Lennart Augustsson wrote:
Well, I think fix destroys parametricity too, and it would be better to get rid of fix. But I'm not proposing to do that for Haskell, because I don't have a viable proposal to do so. (But I think the proposal would be along the same lines as the seq one; provide fix in a type class so we can keep tabs on it.)
This idea has actually been investigated (as you might know): http://portal.acm.org/citation.cfm?coll=GUIDE&dl=GUIDE&id=651452 That paper explains exactly how fix's impact on parametricity can be tamed. I don't think it ever went into a practical system, though.
BTW, fix can be defined in the pure lambda calculus, just not in simply typed pure lambda calculus (when not qualified by "typed" the term "lambda calculus" usually refers to the untyped version).

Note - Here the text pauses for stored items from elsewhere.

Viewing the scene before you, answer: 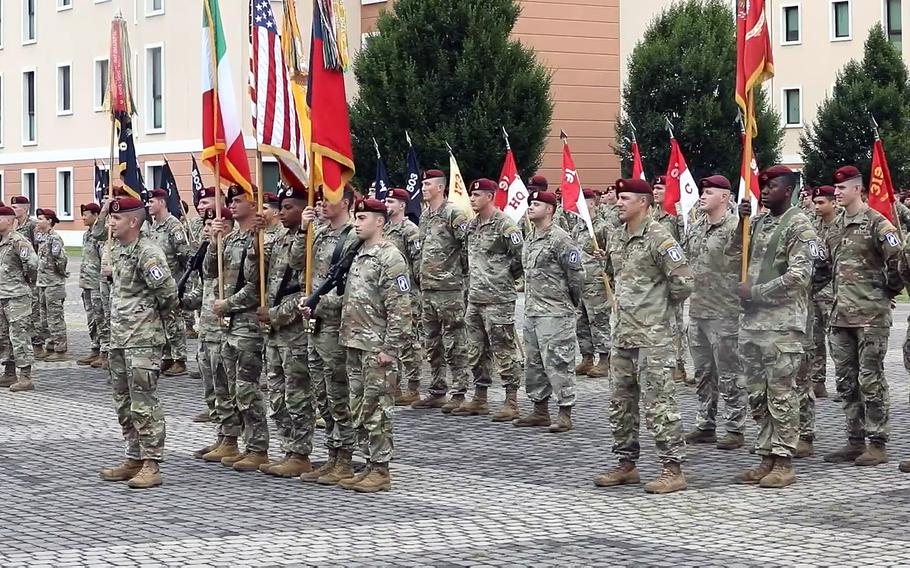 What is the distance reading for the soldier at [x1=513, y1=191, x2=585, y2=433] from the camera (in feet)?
45.8

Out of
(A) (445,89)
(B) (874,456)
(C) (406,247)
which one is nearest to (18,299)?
(C) (406,247)

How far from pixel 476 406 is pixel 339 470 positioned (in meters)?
3.74

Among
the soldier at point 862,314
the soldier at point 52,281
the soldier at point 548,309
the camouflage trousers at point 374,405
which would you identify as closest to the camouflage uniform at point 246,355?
the camouflage trousers at point 374,405

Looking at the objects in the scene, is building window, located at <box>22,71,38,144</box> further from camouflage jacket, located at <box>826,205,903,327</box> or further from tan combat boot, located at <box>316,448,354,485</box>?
camouflage jacket, located at <box>826,205,903,327</box>

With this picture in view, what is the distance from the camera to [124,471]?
37.8 feet

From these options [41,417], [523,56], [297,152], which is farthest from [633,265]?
[523,56]

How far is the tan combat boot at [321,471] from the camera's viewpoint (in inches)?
453

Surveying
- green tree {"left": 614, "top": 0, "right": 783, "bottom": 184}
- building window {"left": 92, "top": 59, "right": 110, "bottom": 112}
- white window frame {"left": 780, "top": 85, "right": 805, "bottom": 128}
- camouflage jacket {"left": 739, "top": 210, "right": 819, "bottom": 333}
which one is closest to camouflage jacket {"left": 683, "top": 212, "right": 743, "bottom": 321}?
camouflage jacket {"left": 739, "top": 210, "right": 819, "bottom": 333}

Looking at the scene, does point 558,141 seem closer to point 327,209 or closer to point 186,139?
point 186,139

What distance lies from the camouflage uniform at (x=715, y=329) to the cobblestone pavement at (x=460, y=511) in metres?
0.52

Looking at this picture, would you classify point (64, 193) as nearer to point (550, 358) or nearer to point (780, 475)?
point (550, 358)

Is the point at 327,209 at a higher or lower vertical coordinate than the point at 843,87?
lower

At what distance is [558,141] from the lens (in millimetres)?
47188

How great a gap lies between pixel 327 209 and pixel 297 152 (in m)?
0.99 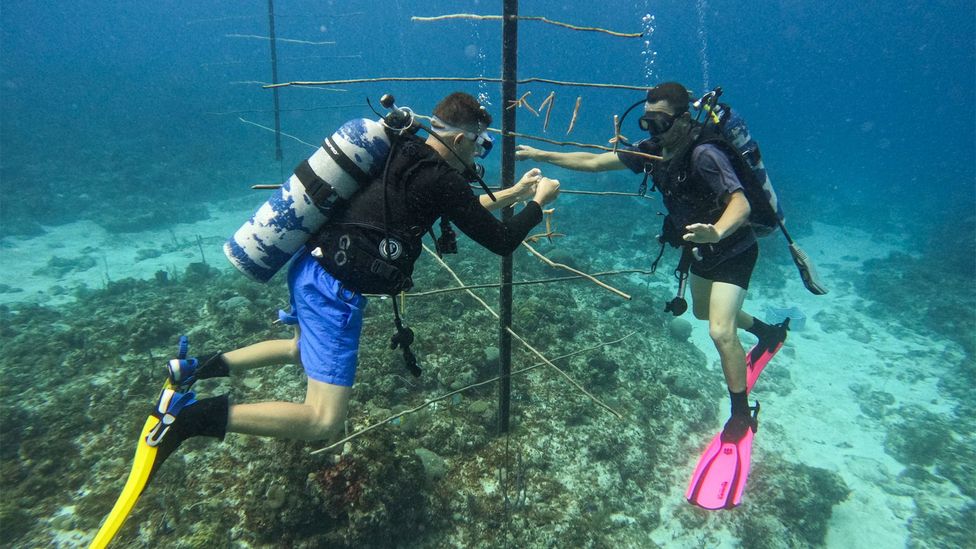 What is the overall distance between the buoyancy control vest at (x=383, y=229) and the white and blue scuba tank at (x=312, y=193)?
11cm

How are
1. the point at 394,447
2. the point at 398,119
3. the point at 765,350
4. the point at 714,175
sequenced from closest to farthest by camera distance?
the point at 398,119 → the point at 714,175 → the point at 394,447 → the point at 765,350

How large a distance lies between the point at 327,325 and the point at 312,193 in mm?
992

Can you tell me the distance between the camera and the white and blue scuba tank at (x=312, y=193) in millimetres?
2865

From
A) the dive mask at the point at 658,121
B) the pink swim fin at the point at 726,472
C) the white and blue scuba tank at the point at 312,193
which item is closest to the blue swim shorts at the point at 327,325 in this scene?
the white and blue scuba tank at the point at 312,193

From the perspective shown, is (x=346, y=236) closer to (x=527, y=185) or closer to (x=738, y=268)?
(x=527, y=185)

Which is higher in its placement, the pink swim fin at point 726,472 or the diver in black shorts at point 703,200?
the diver in black shorts at point 703,200

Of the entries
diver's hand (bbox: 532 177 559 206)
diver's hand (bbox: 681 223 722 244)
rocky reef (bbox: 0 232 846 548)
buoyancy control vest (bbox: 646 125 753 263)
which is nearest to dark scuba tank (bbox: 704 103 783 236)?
buoyancy control vest (bbox: 646 125 753 263)

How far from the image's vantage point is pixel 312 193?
9.53ft

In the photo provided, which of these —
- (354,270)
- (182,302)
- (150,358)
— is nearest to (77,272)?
(182,302)

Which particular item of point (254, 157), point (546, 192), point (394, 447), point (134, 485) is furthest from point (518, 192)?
point (254, 157)

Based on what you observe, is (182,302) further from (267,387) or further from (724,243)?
(724,243)

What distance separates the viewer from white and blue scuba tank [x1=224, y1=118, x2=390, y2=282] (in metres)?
2.87

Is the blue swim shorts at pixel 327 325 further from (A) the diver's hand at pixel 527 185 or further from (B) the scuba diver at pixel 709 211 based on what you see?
(B) the scuba diver at pixel 709 211

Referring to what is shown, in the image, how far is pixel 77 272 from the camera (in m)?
14.5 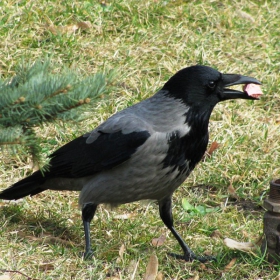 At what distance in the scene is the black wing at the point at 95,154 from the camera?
14.7 ft

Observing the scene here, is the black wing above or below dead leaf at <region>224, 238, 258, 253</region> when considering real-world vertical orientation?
above

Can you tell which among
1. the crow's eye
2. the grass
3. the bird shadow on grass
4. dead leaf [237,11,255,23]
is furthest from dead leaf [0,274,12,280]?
dead leaf [237,11,255,23]

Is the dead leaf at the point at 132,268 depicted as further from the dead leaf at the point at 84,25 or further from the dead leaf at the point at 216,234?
the dead leaf at the point at 84,25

Yup, see my self-correction earlier on the list.
OK, so I was a bit harsh when I said seq destroys parametricity, it doesn't destroy it completely, just enough to ruin the properties used by, e.g., foldr/build.
But not even completely so. Partial correctness is still given without restrictions. See http://haskell.org/haskellwiki/Correctness_of_short_cut_fusion (also explaining that the nowadays maybe even more popular destroy/unfoldr-dual of foldr/build does not even need seq to fail being correct)
The problem with the current seq can also be seen by the fact that it doesn't work properly with the IO type.